To recap, we start with a reference state, then evolve it for different periods of time to generate the unitary Krylov subspace. We project our Hamiltonian onto that subspace. We also estimate the overlaps of the subspace vectors. Finally we solve the lower-dimensional, generalized eigenvalue problem classically.

![A flow-chart overview of QKD: start with a reference state, evolve the state to approximate Krylov vectors, project into the Krylov subspace, diagonalize the projected subspace classically, and determine ground state properties.](/learning/images/courses/quantum-diagonalization-algorithms/krylov/kqd-fig7.avif)

Let’s compare what determines computational costs of using the Krylov technique classically and quantum mechanically. There are not perfect analogs between classical and quantum approaches for all steps. This table collects some scaling of different steps for consideration.

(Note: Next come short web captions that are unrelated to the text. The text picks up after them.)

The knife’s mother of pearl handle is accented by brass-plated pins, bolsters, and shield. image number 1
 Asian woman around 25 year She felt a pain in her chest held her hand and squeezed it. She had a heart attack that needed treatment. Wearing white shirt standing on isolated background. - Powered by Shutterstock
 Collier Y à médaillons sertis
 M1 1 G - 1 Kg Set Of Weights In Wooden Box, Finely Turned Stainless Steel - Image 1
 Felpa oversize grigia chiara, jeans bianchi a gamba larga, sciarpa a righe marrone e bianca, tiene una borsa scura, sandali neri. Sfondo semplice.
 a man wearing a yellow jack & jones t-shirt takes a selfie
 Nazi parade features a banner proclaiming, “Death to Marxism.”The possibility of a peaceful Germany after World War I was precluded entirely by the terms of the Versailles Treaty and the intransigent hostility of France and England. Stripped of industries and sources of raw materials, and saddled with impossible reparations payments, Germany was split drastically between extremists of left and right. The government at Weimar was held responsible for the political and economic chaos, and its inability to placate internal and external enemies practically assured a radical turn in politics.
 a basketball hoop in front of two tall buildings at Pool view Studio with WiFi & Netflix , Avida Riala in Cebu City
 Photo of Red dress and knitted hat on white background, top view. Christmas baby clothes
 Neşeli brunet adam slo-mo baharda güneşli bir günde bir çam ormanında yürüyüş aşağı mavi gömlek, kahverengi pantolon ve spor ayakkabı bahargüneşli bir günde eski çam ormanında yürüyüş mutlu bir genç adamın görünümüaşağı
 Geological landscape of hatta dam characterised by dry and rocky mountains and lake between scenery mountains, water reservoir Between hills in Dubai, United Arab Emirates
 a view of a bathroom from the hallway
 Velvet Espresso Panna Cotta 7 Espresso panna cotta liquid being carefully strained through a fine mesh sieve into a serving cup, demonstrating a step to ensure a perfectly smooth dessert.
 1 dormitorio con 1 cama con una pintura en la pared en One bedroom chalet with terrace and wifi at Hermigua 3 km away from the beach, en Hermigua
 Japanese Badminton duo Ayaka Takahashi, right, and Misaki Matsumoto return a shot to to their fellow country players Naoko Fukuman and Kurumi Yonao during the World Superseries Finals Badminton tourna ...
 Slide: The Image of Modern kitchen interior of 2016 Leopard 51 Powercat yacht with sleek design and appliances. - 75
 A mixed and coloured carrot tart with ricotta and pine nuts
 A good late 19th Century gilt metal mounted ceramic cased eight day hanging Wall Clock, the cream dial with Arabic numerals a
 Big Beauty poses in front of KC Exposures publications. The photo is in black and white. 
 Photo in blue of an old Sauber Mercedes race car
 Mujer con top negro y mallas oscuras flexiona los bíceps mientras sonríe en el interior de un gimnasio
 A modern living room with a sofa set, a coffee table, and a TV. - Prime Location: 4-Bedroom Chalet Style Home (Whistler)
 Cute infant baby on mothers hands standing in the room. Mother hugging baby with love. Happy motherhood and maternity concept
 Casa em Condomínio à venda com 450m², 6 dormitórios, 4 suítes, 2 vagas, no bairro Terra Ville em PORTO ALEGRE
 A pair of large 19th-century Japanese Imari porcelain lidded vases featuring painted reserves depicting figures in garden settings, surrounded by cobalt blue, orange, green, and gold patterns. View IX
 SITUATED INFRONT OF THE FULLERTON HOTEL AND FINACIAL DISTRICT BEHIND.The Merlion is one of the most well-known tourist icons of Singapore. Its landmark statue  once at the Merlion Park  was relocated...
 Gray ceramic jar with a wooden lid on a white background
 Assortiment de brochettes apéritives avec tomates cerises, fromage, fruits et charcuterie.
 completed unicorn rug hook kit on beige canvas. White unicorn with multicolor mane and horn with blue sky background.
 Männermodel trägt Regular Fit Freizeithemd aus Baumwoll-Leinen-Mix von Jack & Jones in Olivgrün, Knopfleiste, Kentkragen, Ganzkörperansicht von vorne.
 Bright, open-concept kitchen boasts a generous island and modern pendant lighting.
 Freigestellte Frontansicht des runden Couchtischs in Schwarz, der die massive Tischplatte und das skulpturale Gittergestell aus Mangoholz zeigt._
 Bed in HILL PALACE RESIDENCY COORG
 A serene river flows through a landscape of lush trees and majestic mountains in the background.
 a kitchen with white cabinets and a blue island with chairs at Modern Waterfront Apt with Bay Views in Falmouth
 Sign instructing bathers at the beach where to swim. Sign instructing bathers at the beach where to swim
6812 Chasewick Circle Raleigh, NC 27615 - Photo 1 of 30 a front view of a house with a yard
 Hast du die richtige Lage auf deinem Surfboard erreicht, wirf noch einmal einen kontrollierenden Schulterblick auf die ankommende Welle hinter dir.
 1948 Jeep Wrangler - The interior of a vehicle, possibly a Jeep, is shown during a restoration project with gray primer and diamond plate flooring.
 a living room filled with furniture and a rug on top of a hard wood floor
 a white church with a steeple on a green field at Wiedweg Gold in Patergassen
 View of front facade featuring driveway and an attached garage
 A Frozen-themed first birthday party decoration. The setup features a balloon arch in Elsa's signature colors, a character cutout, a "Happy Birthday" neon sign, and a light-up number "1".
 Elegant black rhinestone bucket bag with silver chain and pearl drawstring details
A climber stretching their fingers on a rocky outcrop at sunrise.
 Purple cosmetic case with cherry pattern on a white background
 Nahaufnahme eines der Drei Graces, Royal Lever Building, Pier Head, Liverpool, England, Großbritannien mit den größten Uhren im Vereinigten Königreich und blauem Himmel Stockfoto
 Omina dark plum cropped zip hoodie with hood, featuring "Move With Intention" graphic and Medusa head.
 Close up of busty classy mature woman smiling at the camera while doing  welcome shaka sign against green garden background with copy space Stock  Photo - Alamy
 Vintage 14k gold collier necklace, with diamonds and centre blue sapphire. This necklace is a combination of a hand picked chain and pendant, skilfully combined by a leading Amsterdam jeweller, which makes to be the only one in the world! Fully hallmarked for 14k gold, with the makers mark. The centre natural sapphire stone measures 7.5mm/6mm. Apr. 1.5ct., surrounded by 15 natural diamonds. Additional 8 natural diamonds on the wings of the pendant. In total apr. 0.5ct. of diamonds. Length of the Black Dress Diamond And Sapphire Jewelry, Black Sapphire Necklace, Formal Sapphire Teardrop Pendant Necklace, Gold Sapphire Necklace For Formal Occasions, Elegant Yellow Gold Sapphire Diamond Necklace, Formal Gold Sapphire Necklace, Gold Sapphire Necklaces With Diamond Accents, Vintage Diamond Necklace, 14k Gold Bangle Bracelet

![A table describing scaling of different processes classically and in the quantum approach to Krylov methods. Some quantum steps have no analog. The scalings are the same as those stated in text.](/learning/images/courses/quantum-diagonalization-algorithms/krylov/kqd-fig8.avif)

Recall that Hamiltonians generally have terms that cannot be simultaneously measured (because they do not commute with on another). We sort terms in the Hamiltonian into groups of commuting Pauli operators that can all be measured simultaneously, and we may require many such groups to account for all the terms that do not commute with one another. To build up $\tilde{H}$ on a quantum computer requires separate measurements for each group of commuting Pauli strings in the Hamiltonian, and each of those requires many shots. We must do this for $r^2$ different matrix elements, corresponding to $r^2$ combinations of different time evolution factors. There are sometimes ways to reduce this, but in this rough treatment, the time required for this scales like $N_\text{shots}\times N_\text{GCP} \times r^2.$ The elements of $S$ must be estimated, which scales like $O(N_\text{shots}\times r^2)$. Finally, solving the generalized eigenvalue problem in the projected space, classically, takes $O(r^3).$

We see that quantum Krylov diagonalization may be useful in cases where the number of commuting Pauli groups in the Hamiltonian is relatively small. These scaling dependencies suggest some applications where the Krylov method can be useful, and others where it likely will not be.
Some Hamiltonians have high complexity when mapped to qubits, involving many non-commuting Pauli strings that cannot easily be partitioned into a few commuting groups. This is often true of quantum chemistry problems, for example. This complexity presents two primary challenges for near-term quantum computers:

*   The estimation of each element of $\tilde{H}$ becomes computationally expensive due to the large number of terms.
*   The required Trotter circuits become prohibitively deep.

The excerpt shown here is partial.